We will implement a simple reimbursement contract for maintainers proxying calls
to Bridge functions. Only approved maintainers should be able to use the proxy
contract. Maintainers are expected to follow round-robin distribution of work
but the order is not going to be enforced on-chain. DAO/council will have the
functionality of removing maintainers not performing their duties.
DAO/council may decide to distribute additional T rewards for maintainers. This
functionality should be supported by the MaintainerProxy contract.
Eventually, the role of maintainers can be delegated to another network such as Gelato.
┌────────────────────────────────────────┐ calls ┌─────────────────────────┐
| MaintainerProxy |─────────▶| Bridge |
└────────────────────────────────────────┘ └─────────────────────────┘
| submitSweeProof() onlyMaintainer | | submitSweepProof() |
| submitRedemptionProof() onlyMaintainer | | submitRedemptionProof() |
| createNewWallet() onlyMaintainer | | createNewWallet() |
└────────────────────────────────────────┘ └─────────────────────────┘ETH reimbursed, no additional reward to disincentivize front-running between maintainers.
ETH reimbursed, no additional reward to disincentivize front-running between maintainers.
All transactions in this section must be supported by the off-chain client. We are not concerned about front-running. Front-running may happen and it is even desirable to some extent because these transactions protect the health of the network.
No ETH cost reimbursed. Called exceptionally, ideally never. Incentivized by T from slashed stakes.
No ETH cost reimbursed. Called exceptionally, ideally never. Incentivized by T from slashed stakes.
DAO needs to fund ETH pool that will be used for reimbursements. The pool should probably be a separate contract. The pool needs to protect against malicious miner-operators by placing a governable gas price ceiling. It should be possible to withdraw unspent ETH in case we decide to replace Maintainer incentives with something else (for example Gelato) or decide to add more functions there (for example, the SPV relay updates).

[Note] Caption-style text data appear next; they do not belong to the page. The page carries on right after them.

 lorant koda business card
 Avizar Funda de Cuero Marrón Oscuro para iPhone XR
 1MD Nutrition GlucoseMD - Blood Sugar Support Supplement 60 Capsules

Operators who were marked as ineligible for rewards will have to execute a transaction to mark them as eligible for rewards again, once the ineligibility time passes.
Given that it is the DAO who is giving the rewards, the DAO or some council appointed by the DAO should always have the right to enable rewards again for the given operator even if the timeout did not pass. This right should be used rarely - if ever - and is reserved only for the case of a bug in the off-chain client code.